▶ What this task involves: If a record contains a picture, leave the picture out and reproduce everything else exactly.

+++ Provided data

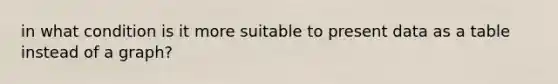 in what condition is it more suitable to present data as a table instead of a graph?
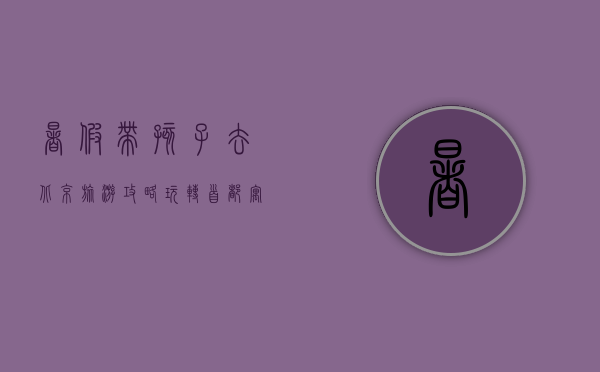 暑假带孩子去北京旅游攻略，玩转首都，寓教于乐，轻松带娃！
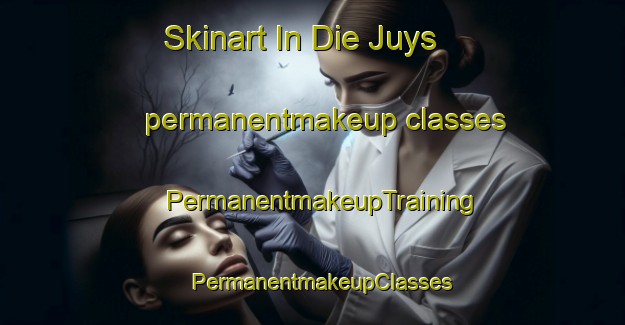 Skinart In Die Juys permanentmakeup classes | PermanentmakeupTraining | PermanentmakeupClasses | SkinartTraining-Germany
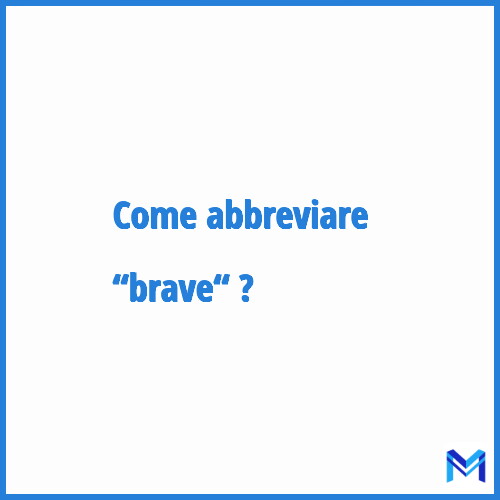 Come abbreviare “Brave“ in francese?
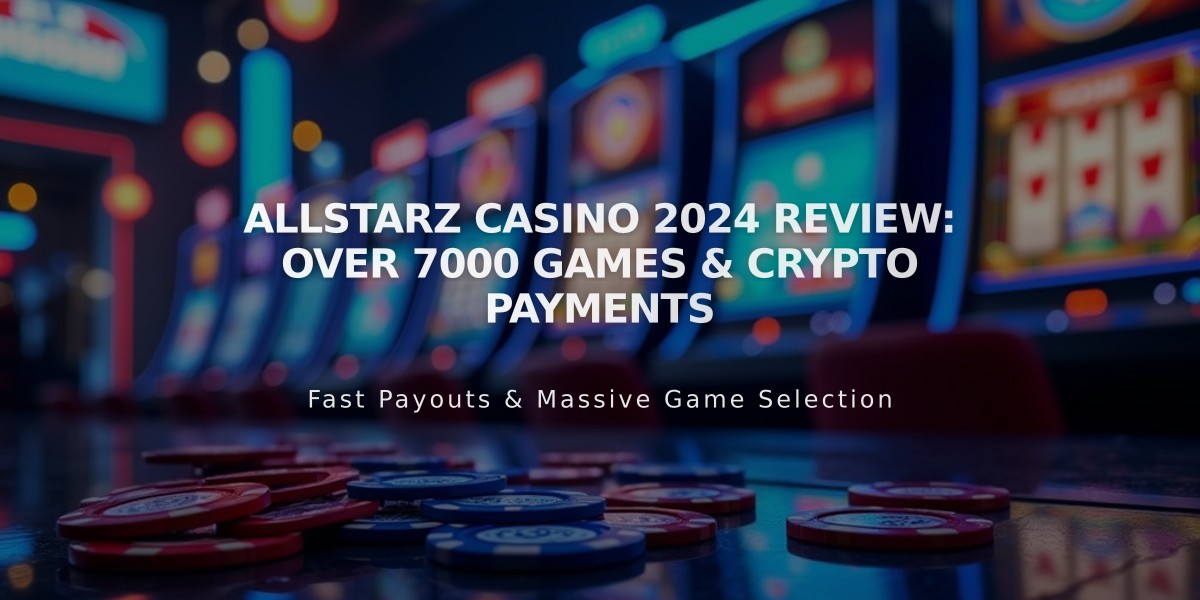 AllStarz Casino 2024 Review: Over 7000 Games & Crypto Payments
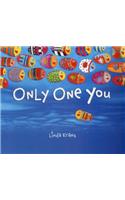 Only One You: (1 Linda Kranz)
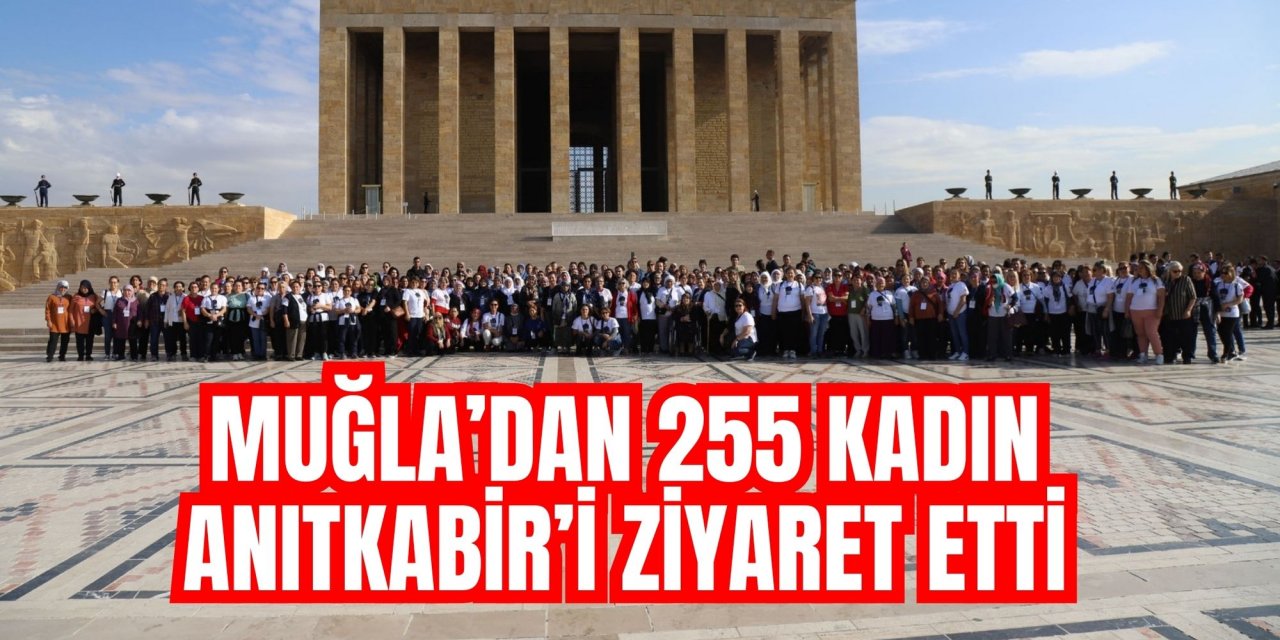 MUĞLA’DAN 255 KADIN ANITKABİR’İ ZİYARET ETTİ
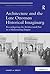 Architecture and the Late Ottoman Historical Imaginary by Ahmet Ersoy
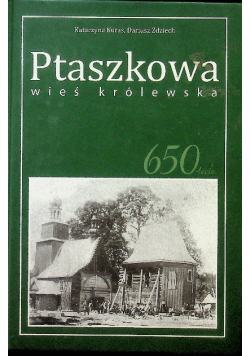 Ptaszkowa wieś królewska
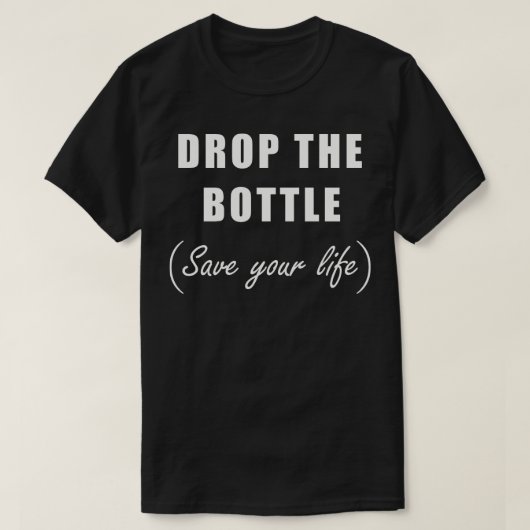 ボトルを捨てて人生を守ろう Tシャツ (デザイン正面)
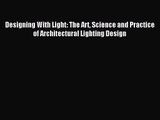 Designing With Light: The Art Science and Practice of Architectural Lighting Design [PDF Download]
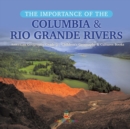 The Importance of the Columbia & Rio Grande Rivers American Geography Grade 5 Children's Geography & Cultures Books - Book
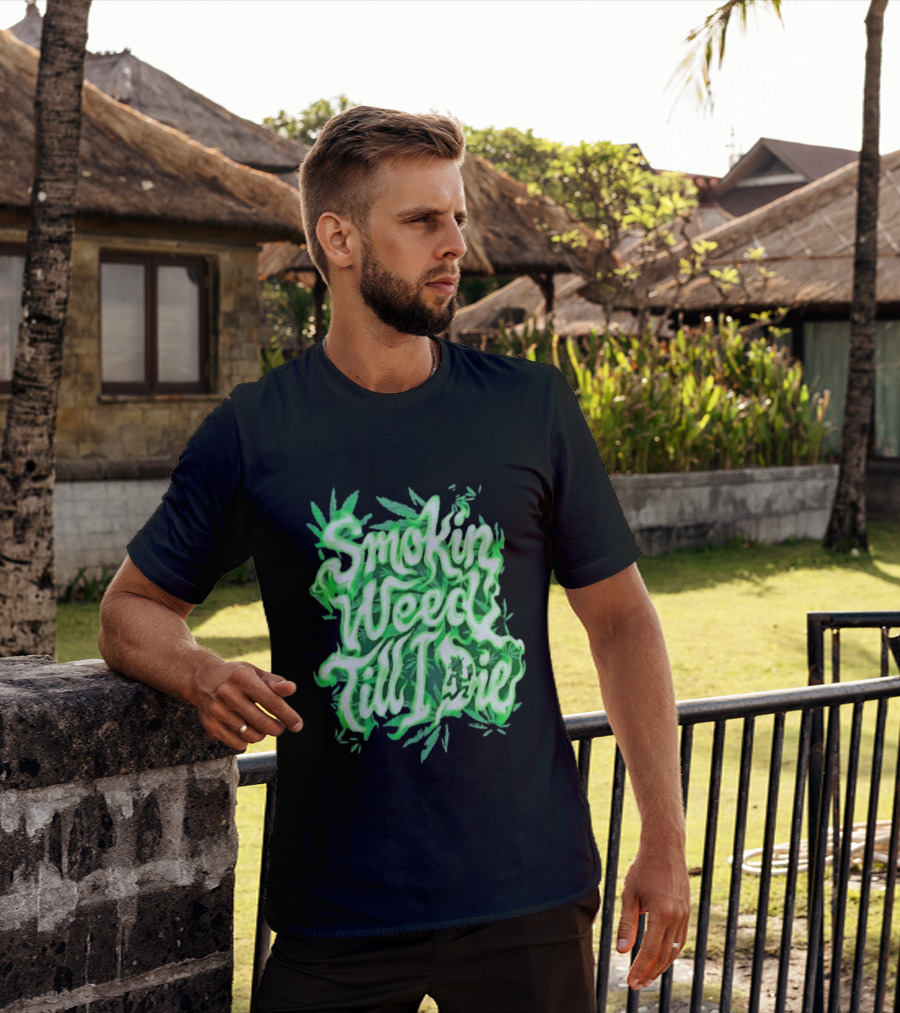 Smokin Weed Till I Die Cannabis Marijuana Leaf Glow T-Shirt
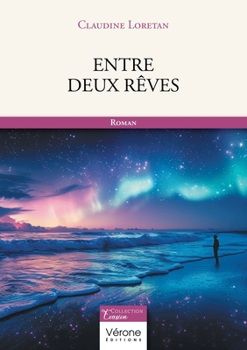 Paperback Entre deux rêves [French] Book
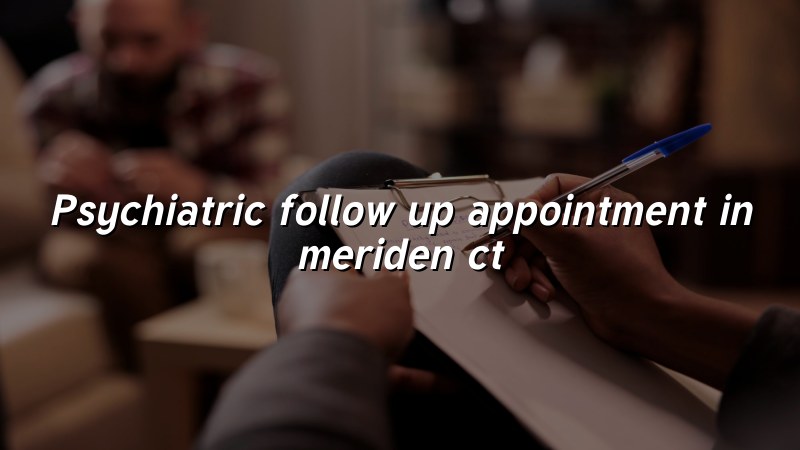 Psychiatric follow-up appointment for adults in Meriden CT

++++++

▶ The completed task:
 in what condition is it more suitable to present data as a table instead of a graph?
 暑假带孩子去北京旅游攻略，玩转首都，寓教于乐，轻松带娃！
 Skinart In Die Juys permanentmakeup classes | PermanentmakeupTraining | PermanentmakeupClasses | SkinartTraining-Germany
 Come abbreviare “Brave“ in francese?
 AllStarz Casino 2024 Review: Over 7000 Games & Crypto Payments
 Only One You: (1 Linda Kranz)
 MUĞLA’DAN 255 KADIN ANITKABİR’İ ZİYARET ETTİ
 Architecture and the Late Ottoman Historical Imaginary by Ahmet Ersoy
 Ptaszkowa wieś królewska
 ボトルを捨てて人生を守ろう Tシャツ (デザイン正面)
 Designing With Light: The Art Science and Practice of Architectural Lighting Design [PDF Download]
 The Importance of the Columbia & Rio Grande Rivers American Geography Grade 5 Children's Geography & Cultures Books - Book
 Smokin Weed Till I Die Cannabis Marijuana Leaf Glow T-Shirt
 Paperback Entre deux rêves [French] Book
 Psychiatric follow-up appointment for adults in Meriden CT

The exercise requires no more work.